During this economic downturn, HDB should freeze its compulsory acquisition of HDB flats. Leong Sze Hian.

Is the HDB profiteering from flat owners’ woes?

Leong Sze Hian

One out of every seven HDB flat owners have problems paying their mortgage loans. This seems to be what the statistics have revealed. Last year, the HDB visited 60,000 flats which had problems paying their loans and gave financial counseling to 35,000 households.

This is 14 per cent of the estimated 420,000 HDB loan mortgages – or one in seven.

As of October last year, 33,000 HDB loans were in arrears over three months. This is about eight per cent of the total number who took HDB loans.

In both instances, the numbers are a cause for concern, especially at this time when Singaporeans are facing job insecurity and spiraling costs.

The number of flats which have been repossessed or surrendered to the HDB because of non-payment of mortgage loans is another worry.

According to a Berita Harian report, 1,350 HDB flats were surrendered to the HDB in the last four years.

In February 2007, Parliament heard that 360 flat owners had voluntarily surrendered their flats from 2002 to 2006.

This means that the average number of flats surrendered per annum has increased from 72 (2002 to 2006) to 318 (2005 to March 2009).

This is an increase of about 342 per cent, or about one flat a day now.

This figure, however, does not include HDB flats on bank loans which are reportedly being foreclosed at about 60 a month. It also does not include those in arrears who have sold their flats in the open market.

HDB profiteering from flat owners’ misery?

When the HDB sends a notice of Compulsory Acquisition to flat owners, they are only given one month to vacate their flats, and only 90 per cent of the flat’s valuation is used to offset the loan arrears.

It is hard enough to lose one’s home. Why does the HDB still want to make a profit of 10 per cent of the valuation?

Why not give them a bit more time to find alternative accommodation?

As a public housing authority with the mission to provide affordable housing for Singaporeans, is the HDB not in a sense, in breach of its fiduciary duty, in this arbitrary practice of eating up 10 per cent of the valuation?
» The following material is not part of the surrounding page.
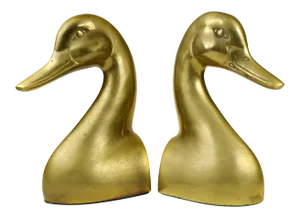 Mid 20th Century Vintage Gold Brass Duck Bird Head Bookends - a Pair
Are there any public housing authorities in the world that takes an additional 10 per cent profit on foreclosure?

Parliamentarians may like to raise this issue with a view to refunding the “eaten up” valuation to all past foreclosed flat owners.

What is the view of bodies like the Law Society of Singapore in this regard?

In view of the above statistics, and with unemployment at a 5-year high of 4.8 per cent, 95,600 unemployed locals, and the record GDP contraction of 19.7 per cent in the first quarter, I would like to suggest that the HDB temporarily freeze asking those in arrears to surrender their flats.

After all, as long as HDB flats appreciate at an average annual rate of more than the HDB concessionary loan rate of 2.6 per cent, every HDB flat may eventually be worth more than the outstanding loan and arrears, particularly when the current 13-year property bear market turns around.